Si parla, poi, del grande momento del calcio africano e asiatico (e ovviamente latino-americano), ma si dimentica troppo spesso di sottolineare che oramai tutte le Nazionali hanno giocatori che militano nei tornei europei, dall’Argentina campione al Marocco sorpresa. E a proposito di Marocco vale altresì la pena rammentare l’ottimo piazzamento (quarto posto) di fronte a team assai blasonati, sempre ricordando però che i dieci/undicesimi della formazione-base comprendono atleti ingaggiati da club di serie A e B del Vecchio Continente, come pure accade all’Argentina e in genere a Selezioni sudamericane sempre
più europeizzate.

D’altronde la piccola Croazia (paese di 4 milioni di abitanti) che batte il favorito Brasile (che di milioni ne fa 215) è l’emblema di un’équipe con portieri, difensori, centrocampisti, attaccanti al lavoro in Spagna, Inghilterra, Germania, Italia, Francia, ovvero gli Stati dove i club spendono di più. E a proposito d’Italia Qatar 2022 passerà se non alla Storia, almeno alla cronaca, per la pesante mancata qualificazione: la seconda consecutiva, la quarta su ventidue mondiali, nonostante l’imprevista lodevole vittoria agli Europei 2021, battendo gli Inglesi a casa propria (lo stadio di Wembley).

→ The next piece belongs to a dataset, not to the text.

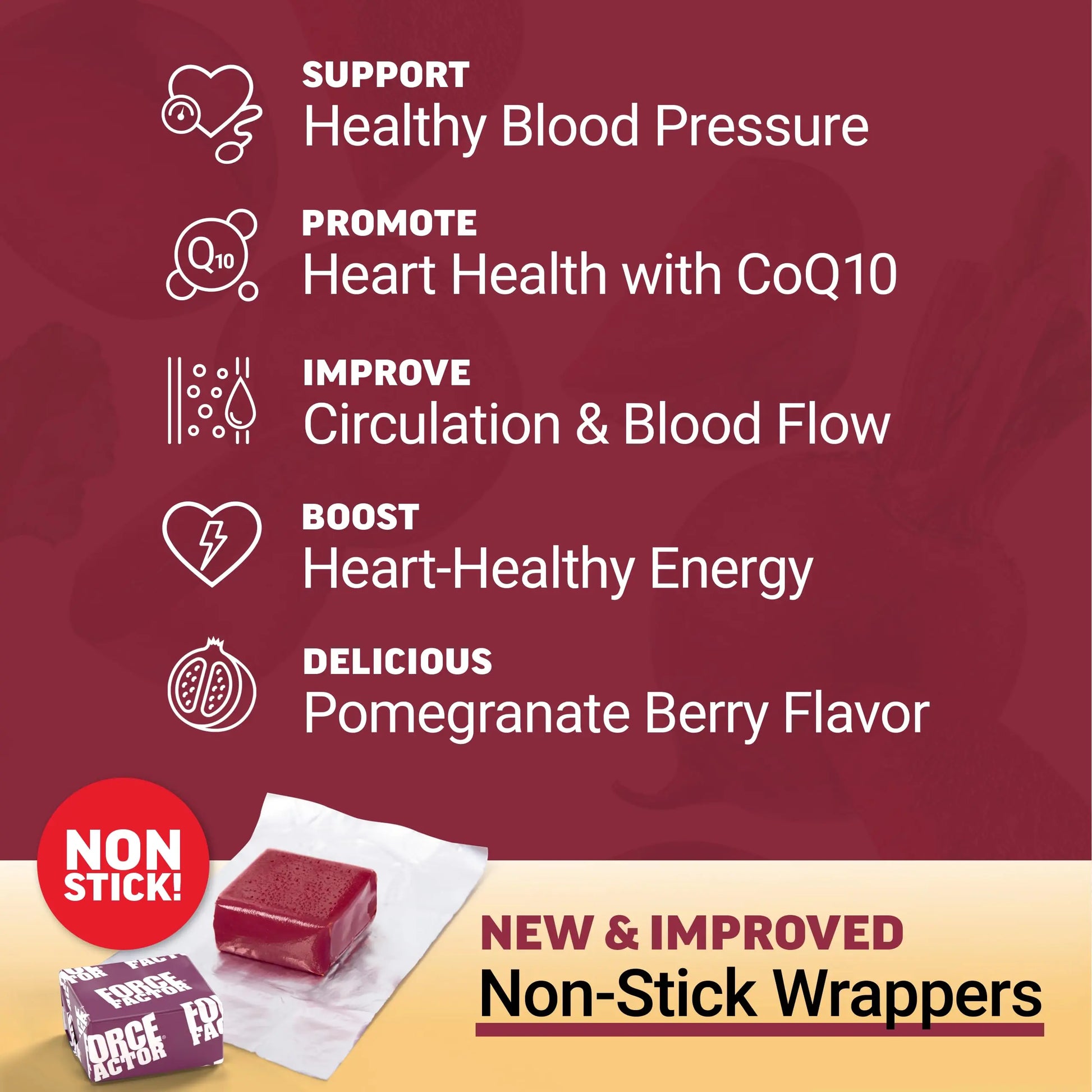 Force Factor Total Beets Ultimate Heart Health Chews for Blood Pressure Support, with Beetroot Powder, CoQ10, B Vitamins & Grapeseed Extract for Blood Flow Force Factor uk supplements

L’assenza tricolore è dovuta non solo per ragioni anche fortuite, ma per una politica sportiva che, da tempo, valorizza assai poco i talenti locali e di conseguenza ha pochi campioni italiani nei campionati maggiori. Anche le altre grandi nazioni calcistiche, dai club multietnici – Real Madrid e Manchester United, Bayern Monaco e Paris Saint-Germain, eccetera – vantano però istituzioni dove, dal basso, si incentiva la promozione dei giovani, in modo da assicurare un ricambio generazionale, evitando altresì di spendere tanto all’estero, dove, come per l’industria, se si pensa all’Africa, il lavoro costa meno e ingaggiare una promessa dal Terzo Mondo è una comoda scappatoia e una triste speculazione.
Detto questo, per tornare al Marocco, i media parlano subito di exploit del calcio africano, ma, stante questa globalizzazione, sarebbe più esatto dire del calcio islamico, anche in concomitanza con i primi mondiali in un Paese dove si pregano Allah e Maometto. Ma a citare Marocco e Qatar già prima della finalissima, vengono a galla alcuni problemi a Bruxelles (UE) con rappresentanti del PD, così come da mesi l’opinione pubblica sottolinea lo sfruttamento di operai e manovali pakistani nel realizzare gli avveniristici stadi di Doha e dintorni, costati non solo tanti miliardi, ma soprattutto
seimila morti sul lavoro, secondo le stime di enti umanitari.

Sono però questioni che poco e niente sensibilizzano il mondo sportivo durante l’intero svolgimento delle 32 partite, anche perché The Show Must Go On (lo spettacolo deve continuare) e la FIFA proibisce qualsiasi accenno alla politica (vedasi, a inizio torneo, il caso Iran, la cui squadra solidarizza con le giovani di Teheran che chiedono democrazia). Ma, a un primo bilancio di Qatar 2022, occorre proprio rifarsi alle divise nere indossati dagli Italiani ai Mondiali Francia 1938 per affermare che tutto questo non è già politica?